Nimbus

Monitoring & Incidents

The Monitoring page is where you watch for trouble and track recovery. It is organized into three tabs — Incidents, Recoveries, and Rules — with a summary strip across the top.

The recovery strip #

The strip at the top of the page answers three questions at a glance:

  • Open incidents — failures that still need attention.
  • AI recoveries today — how many failures AI handled, and the success rate.
  • MTTR — mean time to recover, with a trend sparkline.

Incidents tab #

The Incidents tab lists automation failures. Use the filter chips to narrow the view:

  • Open — failures not yet resolved.
  • AI working — a remediation is in progress.
  • Resolved — failures that recovered (by rerun, by AI, or manually).
  • All

Click a row to expand it. An expanded incident shows:

  • The failing automation and the error classification (timeout, query conflict, data volume, syntax, permission, missing object, or unknown).
  • The error message from SFMC.
  • If AI ran, the diagnosis and a line-level diff of the proposed SQL or configuration change.
  • Actions: Review & promote, Re-run, Decline, or Pause.

Recoveries tab #

The Recoveries tab is a chronological timeline of every recovery action, grouped by day. Filter by AI actions, Auto-reruns, or Resolved, and export the view to CSV for reporting.

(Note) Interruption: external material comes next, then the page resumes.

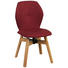 STUHL in Holz, Textil Eichefarben, Bordeaux - Eichefarben/Bordeaux, Design, Holz/Textil (47/87/58cm) - Lomoco STUHL in Holz, Textil Eichefarben, Bordeaux - Eichefarben/Bordeaux, Design, Holz/Textil (47/87/58cm) - Lomoco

Each entry records the original automation, the attempt number, the outcome, and how long recovery took.

Rules tab #

The Rules tab shows the monitoring rules protecting this Business Unit as a grid of cards. Each card shows the rule type (automation or folder), whether AI recovery is on, and stats — times triggered in the last 7 days, success rate, and average MTTR. Add a rule with the dashed Add rule card.

How a failure becomes an incident #

  1. An automation errors in SFMC.
  2. The event reaches Nimbus and the CloudPage enriches it with per-step detail.
  3. Nimbus checks the failure against your monitoring rules.
  4. If a rule matches, a rerun attempt is created and the incident appears here.
  5. The incident updates live as the rerun — and, if needed, AI remediation — progresses.

If no rule matches, the failure is still recorded on the Events page; it simply does not trigger automatic recovery.

Manual reruns #

You do not need a rule to retry something. From an incident (or an event) you can trigger a manual rerun. Nimbus queues it exactly like an automatic one — waits for the original run to settle, builds a trimmed automation, fires it, and reports the result.